Real GDP expected to fall by 9.5 percent in current fiscal
The growth rate in the second quarter of the current financial year is expected to be 9.8 percent negative. It is expected to decline by 5.6 percent in the third quarter and by 0.5 percent in the fourth quarter.
Mumbai: The Reserve Bank’s Monetary Policy Committee (MPC) has said that the actual GDP is expected to fall by 9.5 percent in the current financial year due to Coronavirus (COVID-19) and an increase of 20.6 percent is expected in the first quarter of the next financial year.
A statement issued after the third bi-monthly meeting of the committee chaired by Reserve Bank Governor Shakti Kant Das said that the uncertainty caused by Covid-19 is likely to continues to a negative growth rate of minus 9.8 percent in the second quarter of the current financial year.
It is expected to decline by 5.6 percent in the third quarter and by 0.5 percent in the fourth quarter. 20.6% growth is expected in the first quarter of 2021-22.
GDP falls by almost 24 percent in the first quarter
Mr.

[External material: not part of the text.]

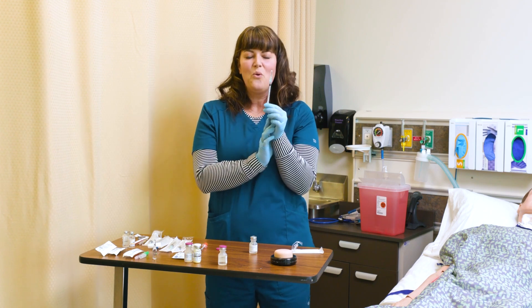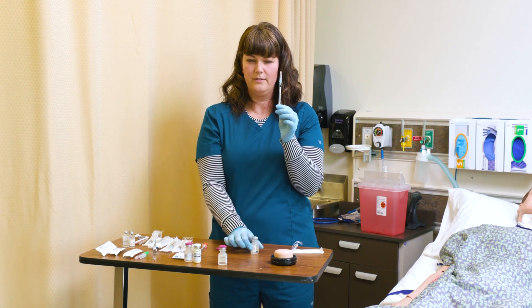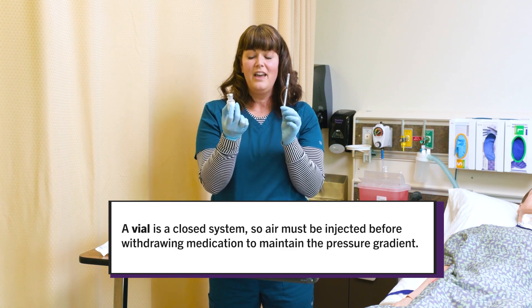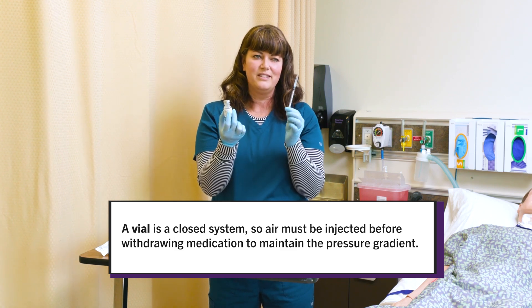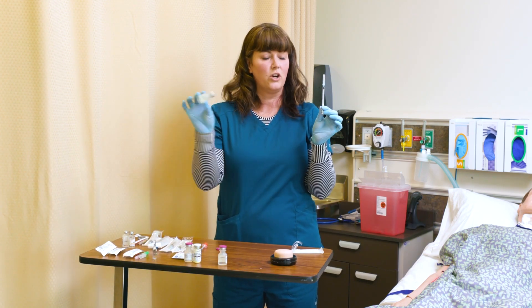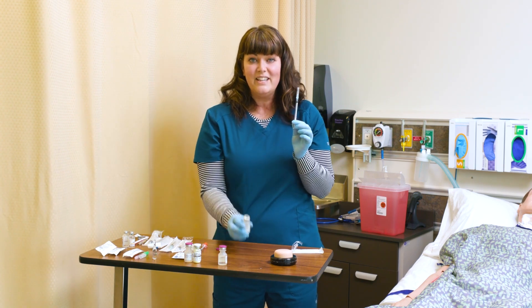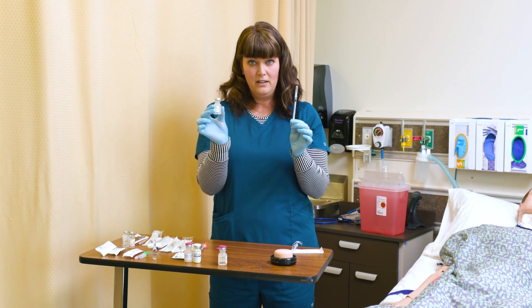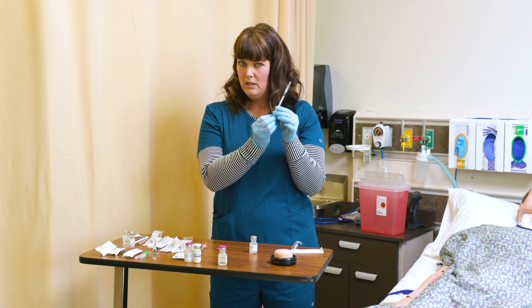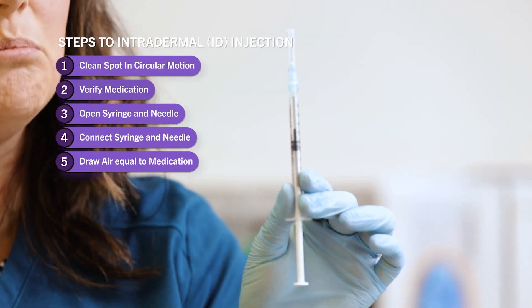One thing to understand is the pressure of syringes versus the pressure of vials. I need to keep the pressure inside this vial the same. This decreases bubbles in the solution when you draw it up, and also prevents medication from squirting out when you pull the needle out. So remember: any quantity of fluid I remove from this vial, I need to replace with air. If I need 0.5 milliliters of fluid, I draw up 0.5 milliliters of air first.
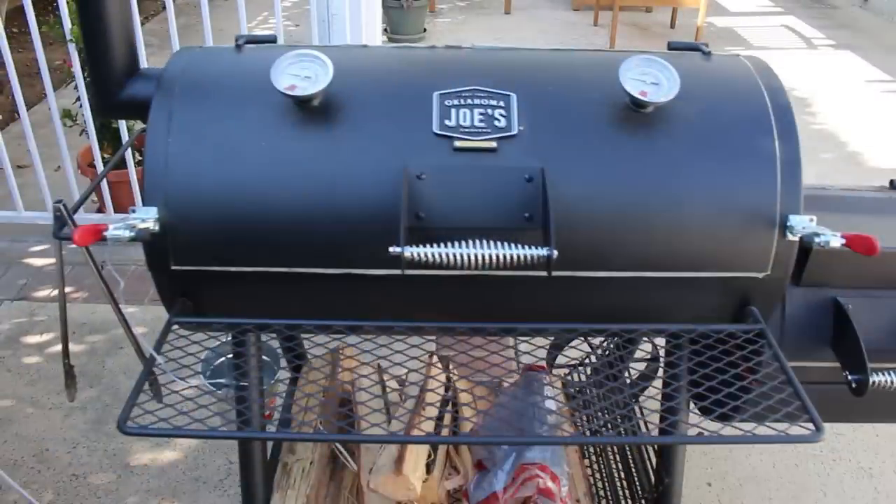So those are the mods I'm happy with — the one I'm not keen on is the clamps, but pretty much everything else I would do again. If I could only do one thing, it would be the baffle plate: probably the most expensive mod but well worth it, and the single most important thing for controlling temperature in the smoker. Thanks for watching, have a great day — it's a beautiful spring day and I might throw something on the smoker later!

Das said that GDP was expected to stabilize in the second quarter after falling by about 24 percent in the first quarter. The economy is improving due to increasing government spending and increasing demand in rural areas. Cost cores are still under pressure due to supply disruptions and rising transportation costs due to the coronavirus, but these risks have begun to decrease since unlock.
He said that the rural economy is expected to improve, but due to social distance, there is little scope for improvement in urban demand. It may take time for the service sector to move beyond Covid, but the manufacturing sector is expected to improve in the third quarter.
Private investment and exports are expected to remain under pressure as Covid-19 is expected to cause a reduction in imports.